A praise and a rant towards Agile project management and its applications on SME businesses

Is agile project management really always great? Let’s take a deep breath and dive in!

It’s almost Xmas and I really need a break about forced politeness, so I’ll shout here a secret I really would have told you before.

Agile sucks. But it’s great for you!

Agile project management actually works quite well. It’s great compared to waterfall approach when applied to computer software development, as it helps PMs to take uncertainty in account and keep the delivery pace high enough in order not to sleep at night. Joking :)

Using a sprint based approach you could really keep production under control. There is plenty of literature about this and I’m not the right person to give you lessons about this (probably I could but let’s keep this out for a moment).

At 3DGIS we currently use the great Atlassian tool called JIRA, which is actually perfect when used with Tempo Timesheet and Tempo Planner. We also use Confluence, Gliffy and some other nice tools.

We tried to use integrated planning tools. Actually managing Epics, Stories and even single issues with Tempo planner seemed to be great at the beginning. It was a time where the workload was manageable. This is not that time anymore.

Great! But, it’s not.

What if I told you that approach were (is) working perfectly in a sane enterprise environment but in the common case it is not?
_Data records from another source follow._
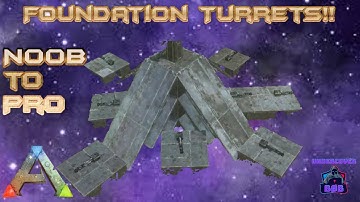 Foundation Turret Tower Design🤯🔥  Noob to Pro (ARK Mobile)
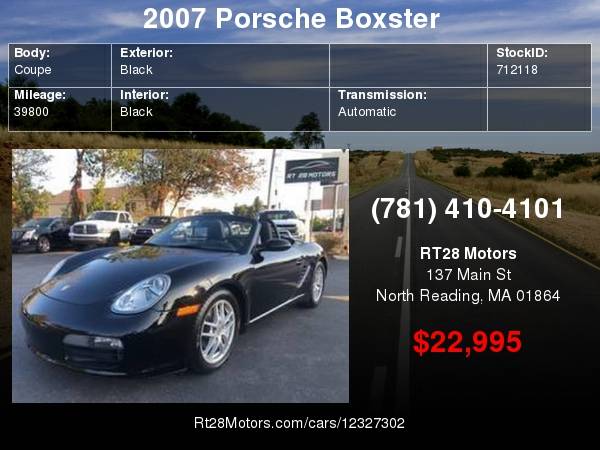 2007 PORSCHE BOXSTER Financing Available For All! for sale in North reading , MA – photo 24
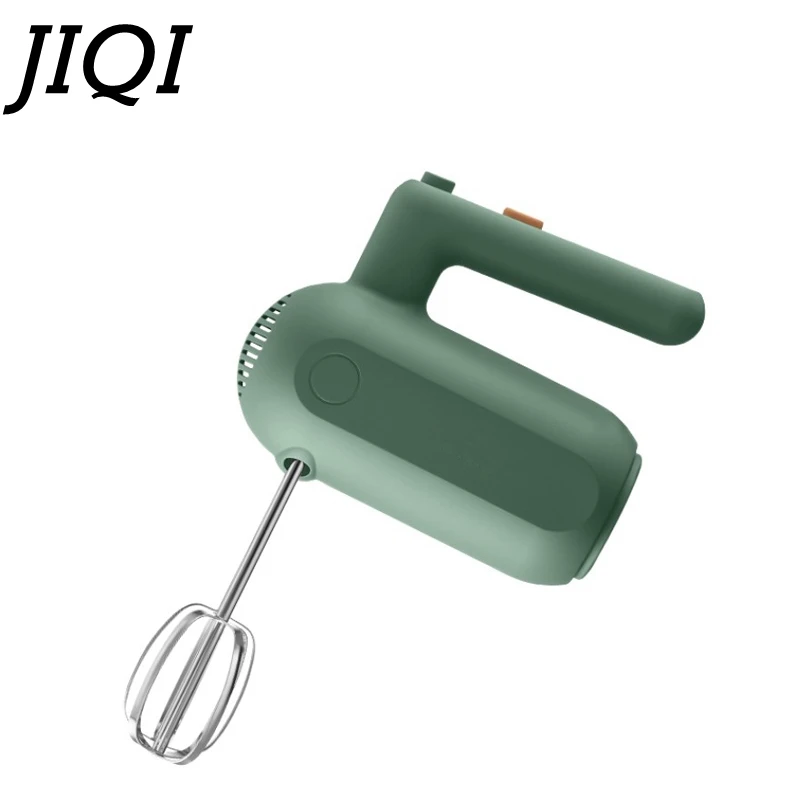 

JIQI 5 Speed Handheld Dough Mixer Electric Whisk Egg Beater Food Blender Multifunctional Food Processor Electric Kitchen Mixer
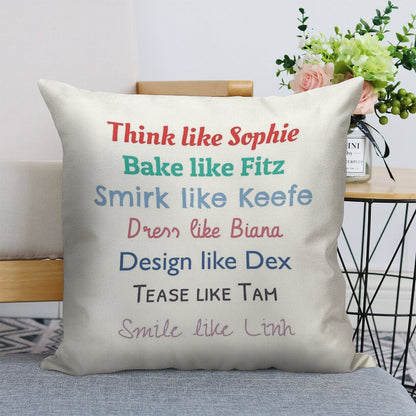 Keeper of The Lost Cities Spectacular Seven Linen Throw Pillow Cover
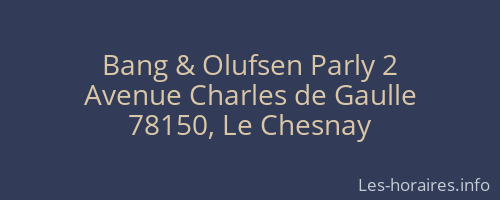 Bang & Olufsen Parly 2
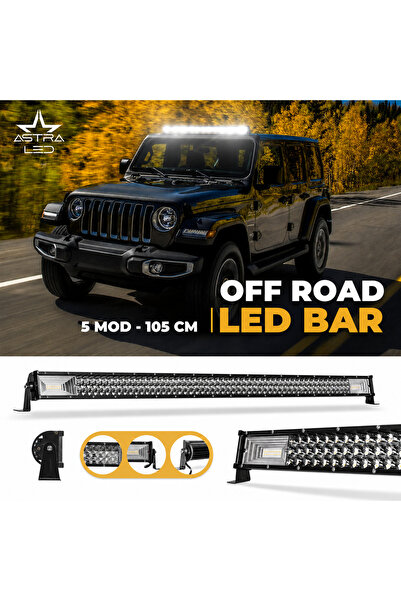 ASTRA LED 105 Cm 5 Modlu Çift Renk Turuncu / Beyaz 3 Sıra ATV Off road Tekne ...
Agile project management tools are designed with big corporations in mind. You are a project manager. You have people dedicated to the project and you are managing a complex and changing environment (requirements, accidents, unexpected childish boss or customer behaviour, … so on). I’m not telling this is a easy peasy thing, but you have tools designed to a fit a streamlined procedure.

If you scale this down to SME’s reality, you could see how things get worse. You have to manage multiple small projects but your resources are limited and shared between projects themselves. Time schedule is unfeasible but work needs to be carried out in the shortest time as possible. Small projects also usually have very volatile requirements. That’s a nightmare 😄

The above project management tools won’t work in this situation. We tried to figure out how to try manage this kind of mess. We ditched Tempo Planner, replacing it with a custom planner tool which is based on our experience. We kept all the rest. Also all tools are integrated with our custom ERP which collects performance indicators and helps us find out performance bottlenecks.

Currently our project management pipeline is almost always done in the following way, and it is accurately documented in our quality management system. I’ll skip the documentation part.

1)   A project is collected in the ERP, which assigns it a code.
     This code is unique and shared between management apps.
1.a) A specific JIRA project is created, if the requirements need it.
2)   JIRA issues are created within the project and
     they have a reference to the project code.
3)   Issues are orchestrated in Sprints which corresponds to milestones,
     something that would be called a "deliverable" in real life.
4)	 Sprints are assigned on a weekly base and people could be
     assigned to multiple sprints (macro managing).
4.a) Sprints have deadlines which are hard but
     duration is based on working time:
     so if you have 2 projects elapsed time is twice.
5)   Once ready, deliverables get delivered to their destination,
     which responds with a feedback.
6)   Development receives feedbacks and
     iterates 2-6 until project completion or new planning.

This approach is probably not perfect, and will be refined in the future, but it has some crucial advantages:

  • Delegation / micromanagement
    People who is working with you is also responsible for themselves and are allowed to managed their time.
  • Preemption support
    A new project can fit in the schedule quite easily. Obviously other project’s timeline gets stretched.
  • Can be used with intermittent projects
    Given you are working in a pipeline it doesn’t matter if a stage is not ready yet. You keep working on other things.

As I was telling you it’s not perfect, and these are some drawbacks:

  • People needs to able to manage themselves.
  • Multitasking lowers performance, so keep it lowest as possible.
  • Projects timing needs more supervising as it is less predictable.